== DATA EXTRACT ==
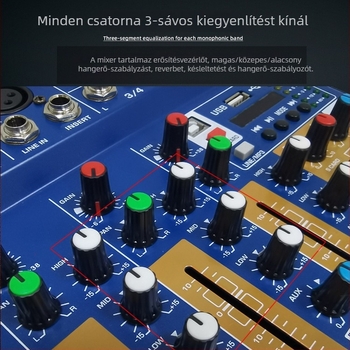F4Pro DJ-mixer konzol USB audió interfésszel és Bluetooth-kapcsolattal, otthoni PC-használatra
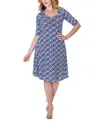 24seven Comfort Apparel Geometric Print Knee Length Elbow Sleeve Dress In Miscellane
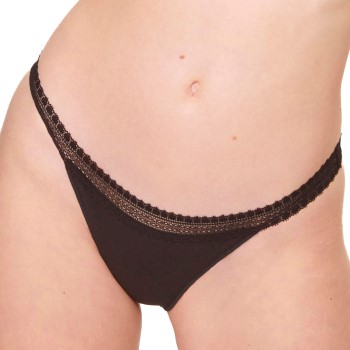 Sloggi Trusser 2P GO Ribbed Tanga Briefs Sort økologisk bomuld Small Dame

== ASSIGNMENT ==
Every line above should be returned exactly; the pictures stay out.

== TASK OUTPUT ==
F4Pro DJ-mixer konzol USB audió interfésszel és Bluetooth-kapcsolattal, otthoni PC-használatra
 24seven Comfort Apparel Geometric Print Knee Length Elbow Sleeve Dress In Miscellane
 Sloggi Trusser 2P GO Ribbed Tanga Briefs Sort økologisk bomuld Small Dame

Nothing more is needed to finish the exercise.